If civilians in Haditha were killed in revenge for the IED attack, the action violated the principle of discrimination and the positive law of war, which derives from conventions, customs, the general principles of law, decisions in international law, and the writings of authorities. Standards regulating the conduct of war have followed two general paths: “Geneva law,” protecting victims and innocents; and “Hague law,” regulating land combat.
The law of war attempts, insofar as it is possible, to civilize war. The law of war seeks to strike a balance among the principles of military necessity, humanity and chivalry and to employ the public conscience of civilized nations to restrain war. The positive law of war thus attempts to codify the principle that belligerents do not have an unlimited right to harm their adversaries.
The key to applying the law of war to particular situations is the principle of military necessity. This principle holds that subject to the principles of humanity and chivalry, a belligerent is justified in applying the amount of force necessary to achieve the complete submission of the enemy as soon as possible, with the least expenditure of time, life, and resources.
Military necessity recognizes that a commander’s overriding concern is the accomplishment of his mission and the safety of his troops. One would not attack a populated area, increasing the risks of civilian deaths, unless such attack was essential to the campaign. Humanity is the self-evident recognition of the fact that one’s enemy is also a human being. Prohibitions against killing or torturing prisoners, or the generally recognized obligation to provide medical treatment to wounded prisoners, flow from this principle. Chivalry is the customary recognition of the idea that the strong protect the weak. Soldiers do not declare war on women or children because it is dishonorable to do so. If women or children engage in war, however, the principle of military necessity usually takes precedence over chivalry, but if the facts are as described by Murtha, military necessity was not a consideration in this case.

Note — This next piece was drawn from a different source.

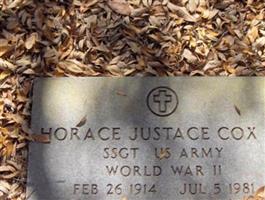 Horace Justace Cox, Jr
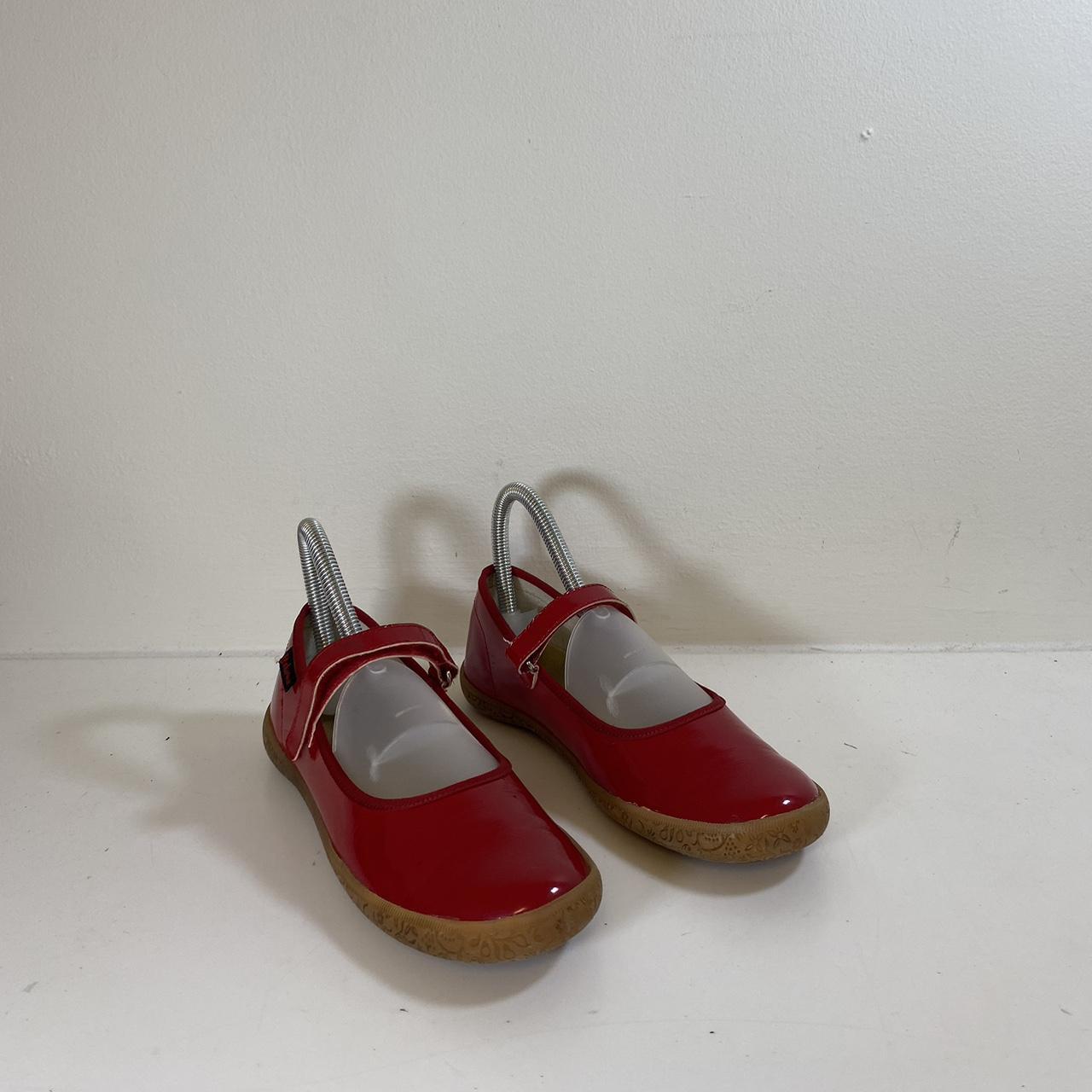 2000s Ballet Mary Jane Style Flats Naturino |... - Depop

Nonetheless, we still don’t have access to all of the information some of which could absolve the Marines under investigation of a war crime. As Tom Ricks has reported in the Washington Post, individuals familiar with the investigation have indicated that message traffic and video from an unmanned drone may affect the outcome of the investigation.
Haditha has all the makings of a terrible story. But I would say of it what I’ve said of My Lai: It was an extreme case. Anyone who has been in combat understands the thin line between permissible acts and atrocity. The first and potentially most powerful emotion in combat is fear arising from the instinct of self-preservation. But in soldiers, fear is overcome by what the Greeks called thumos—spiritedness and righteous anger. In the Iliad, thumos, awakened in Achilles by the death of his comrade Patroclus, leads him to quit sulking in his tent and wade into the Trojans.

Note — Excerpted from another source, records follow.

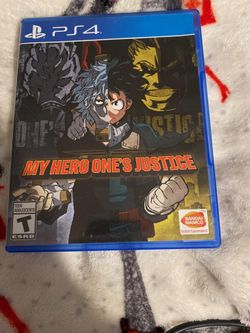 My hero one ps4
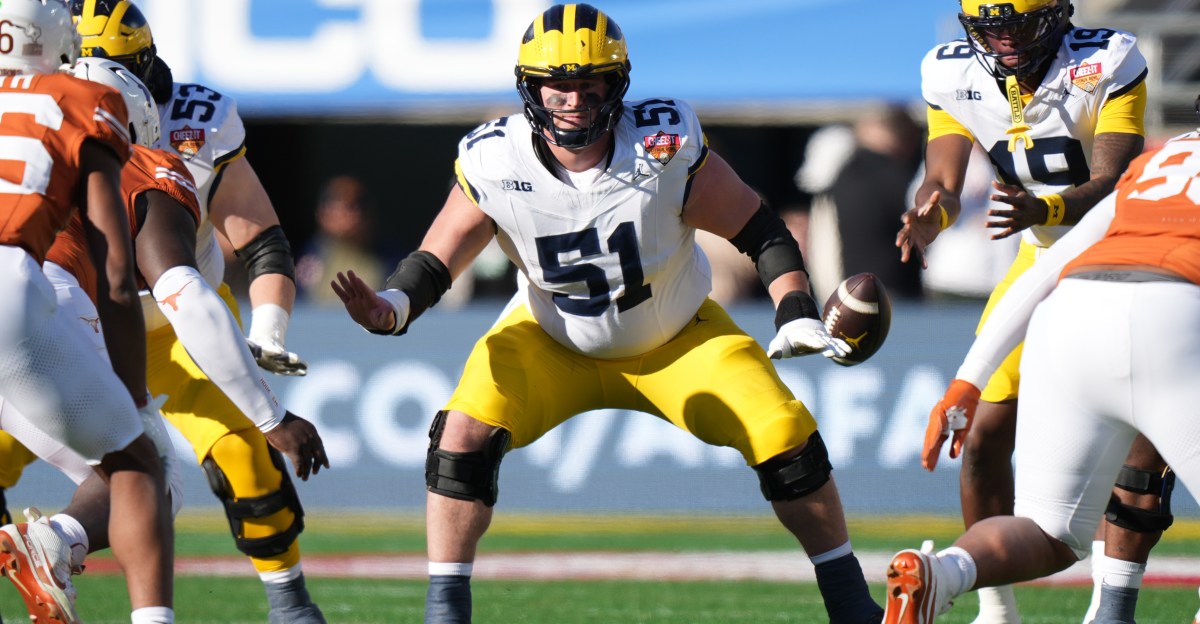 5-star recruit takes a surprise weekend visit to Michigan Football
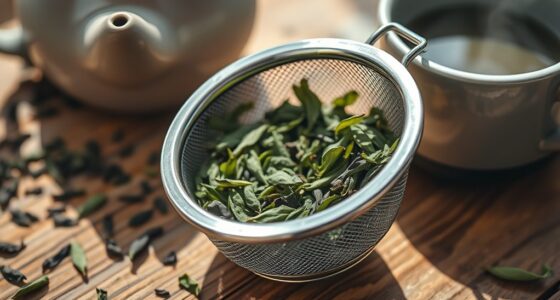 top stainless steel tea infusers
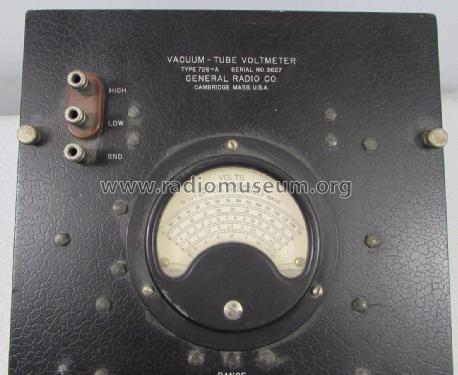 Vacuum-Tube Voltmeter 726-A; General Radio (ID = 1966144) Equipment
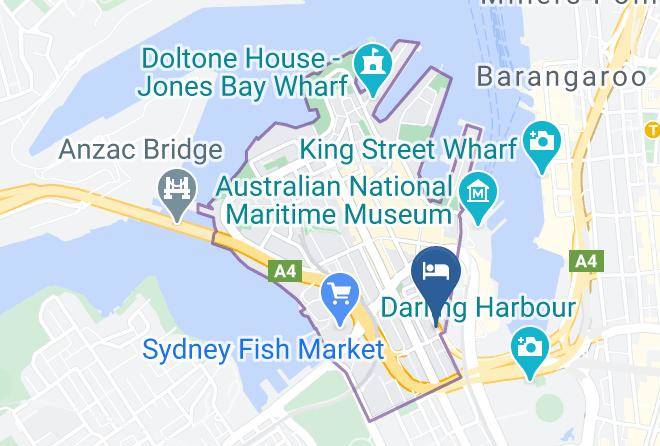 Woolbrokers Hotel Map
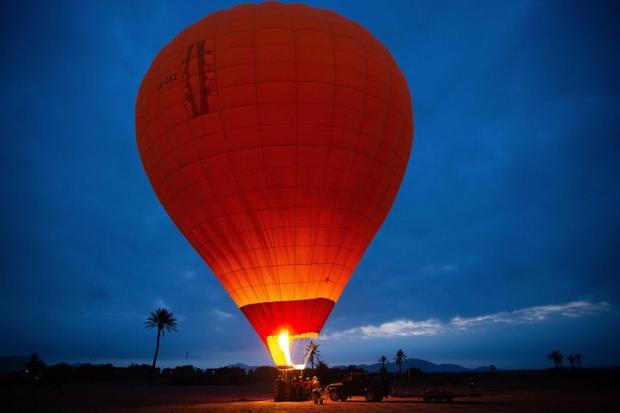 Wiltshire Times: Marrakech Classic Hot Air Balloon Flight with Berber Breakfast - Marrakech, Morocco. Credit: TripAdvisor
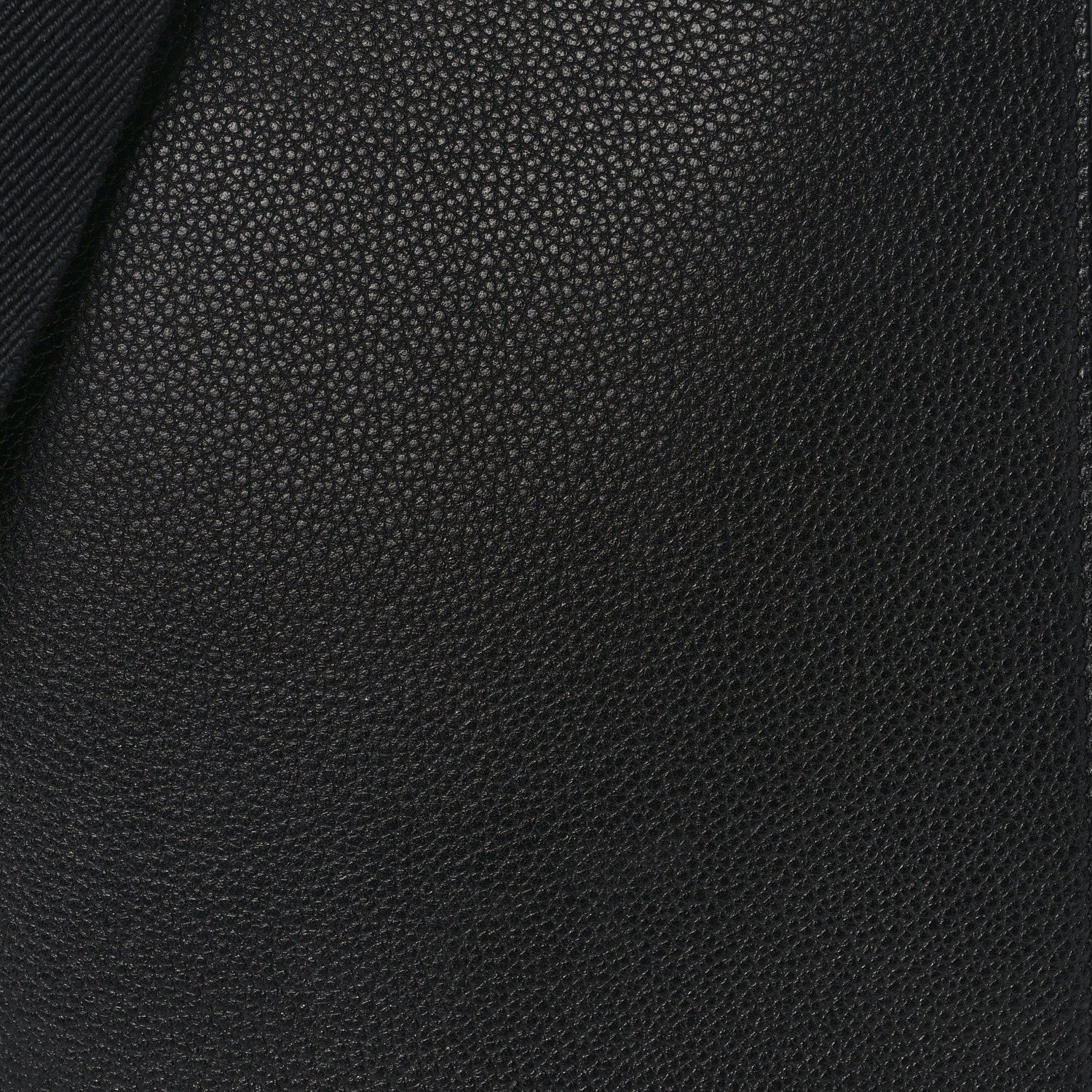 Celine Soft Grained Calfskin Small Sangle Bucket Bag Black 8 of 14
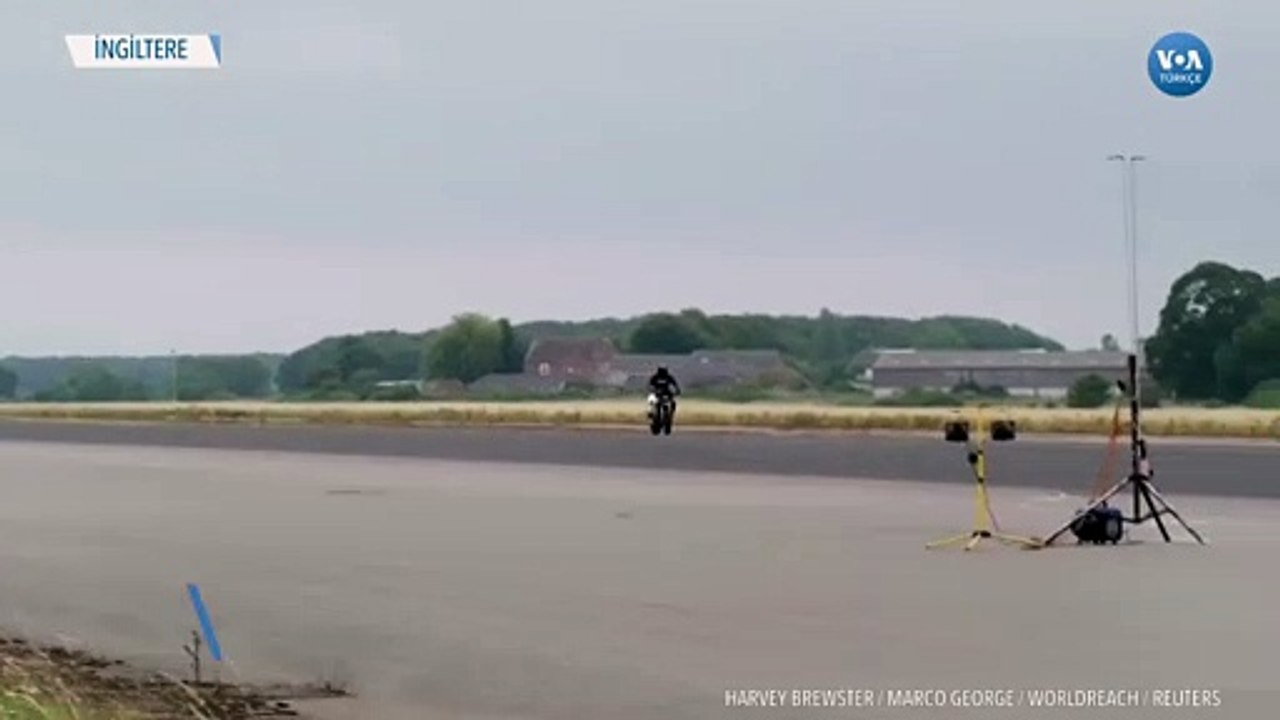 Tek Tekerlek Üzerinde Hız Rekoru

But unchecked, thumos can engender rage and frenzy. It is the role of leadership, which provides strategic context for killing and enforces discipline, to prevent this outcome. Such leadership was not in evidence at My Lai. We’ll have to see if this was the problem at Haditha.
Under the stress of war, unchecked thumos can push a decent man over the threshold. That’s a fact. But to use Haditha to discredit the efforts of hundreds of thousands of American and Coalition servicemen in Iraq, is as wrong as it was to use My Lai to discredit our sacrifices in Vietnam.
Mackubin T. Owens is an associate dean of academics and a professor of national-security affairs at the Naval War College in Newport, R.I. He is writing a history of U.S. civil-military relations.